- _EXERCISE DIRECTIONS_:
Exactly reproduce the lines of the listing below from the one containing "Drive GDT - Golf" through the one containing "ギフト配送 福岡県産あまおう EX". Skip the images.
##### RECORDS FOR THE EXERCISE
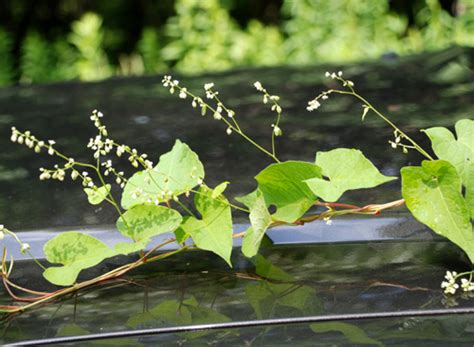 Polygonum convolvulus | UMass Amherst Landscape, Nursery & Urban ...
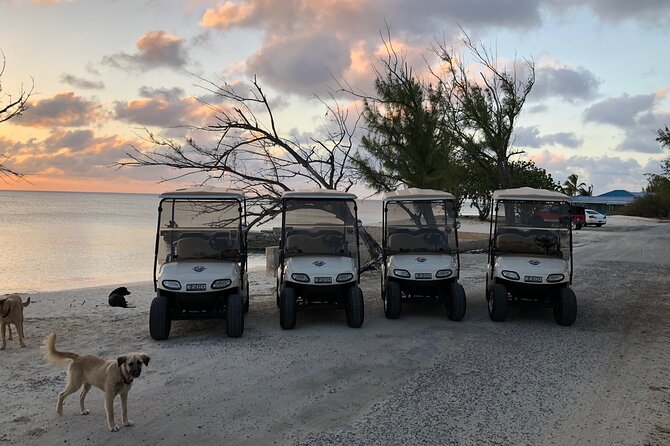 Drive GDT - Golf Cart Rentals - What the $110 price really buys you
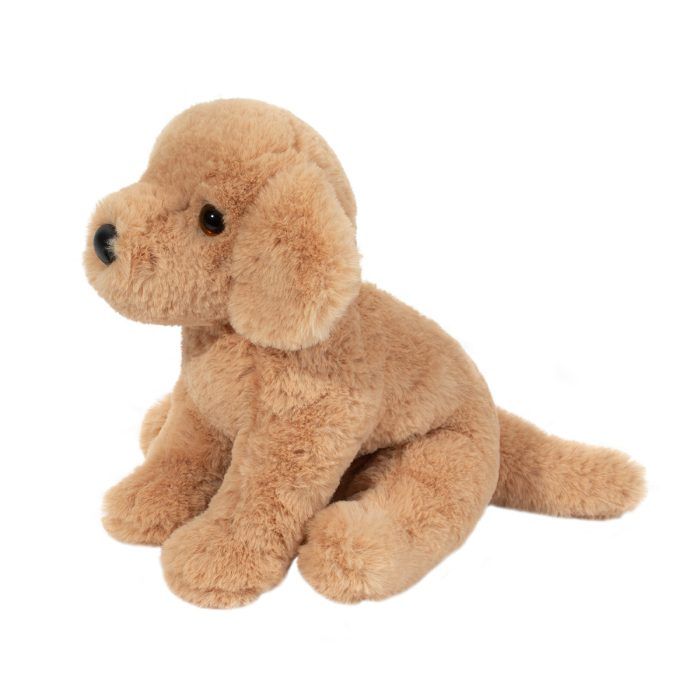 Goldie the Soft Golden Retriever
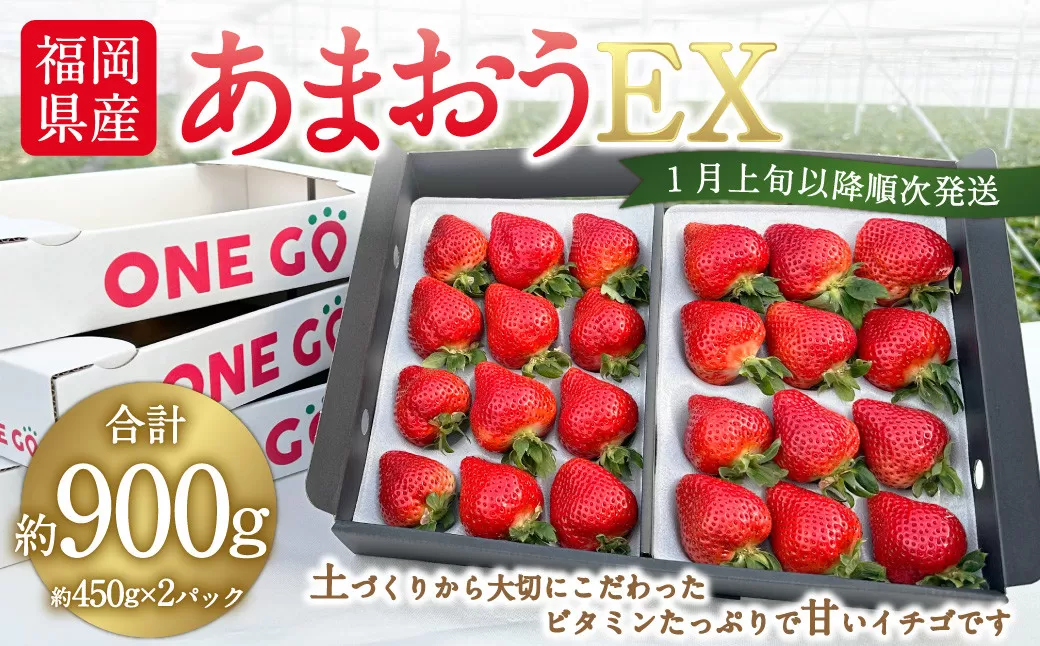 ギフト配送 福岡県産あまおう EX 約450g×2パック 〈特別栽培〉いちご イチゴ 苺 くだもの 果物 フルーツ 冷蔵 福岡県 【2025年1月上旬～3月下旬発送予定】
##########
##### RECORDS FOR THE EXERCISE
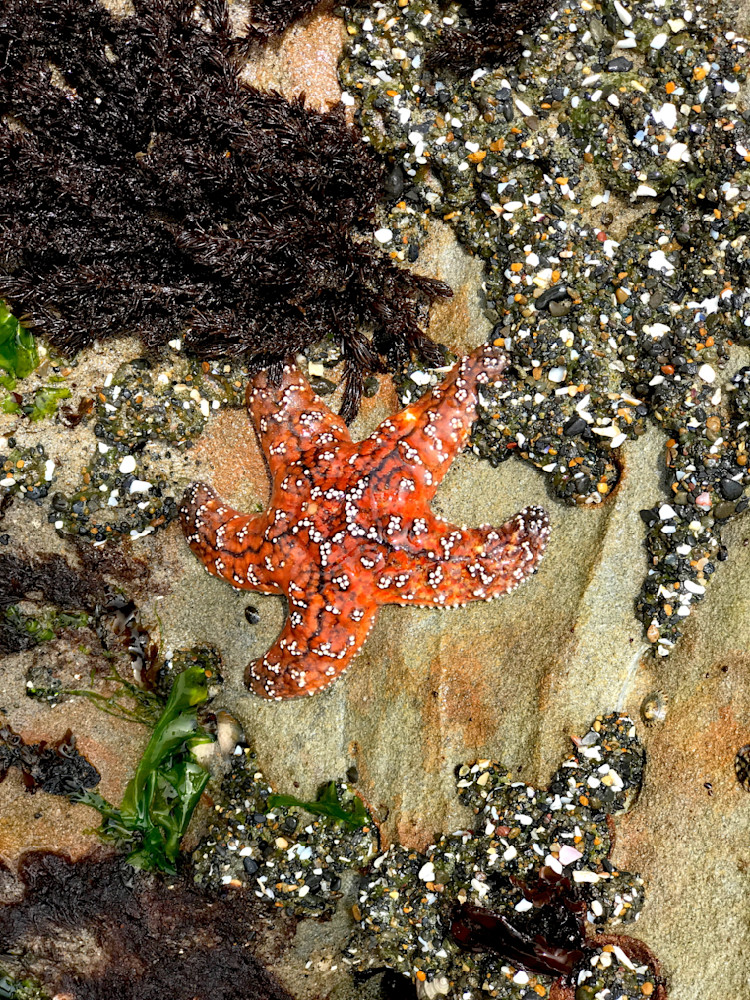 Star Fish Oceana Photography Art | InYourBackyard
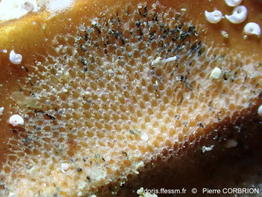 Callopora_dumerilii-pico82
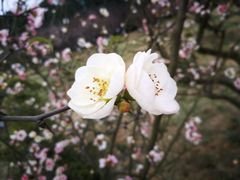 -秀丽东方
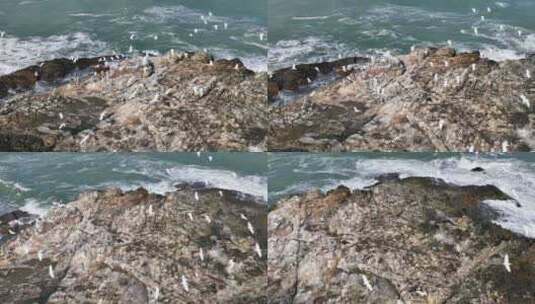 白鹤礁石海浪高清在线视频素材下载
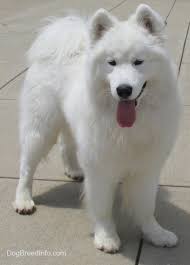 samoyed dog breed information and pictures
##########
- _RESULT BELOW_:
 Drive GDT - Golf Cart Rentals - What the $110 price really buys you
 Goldie the Soft Golden Retriever
 ギフト配送 福岡県産あまおう EX 約450g×2パック 〈特別栽培〉いちご イチゴ 苺 くだもの 果物 フルーツ 冷蔵 福岡県 【2025年1月上旬～3月下旬発送予定】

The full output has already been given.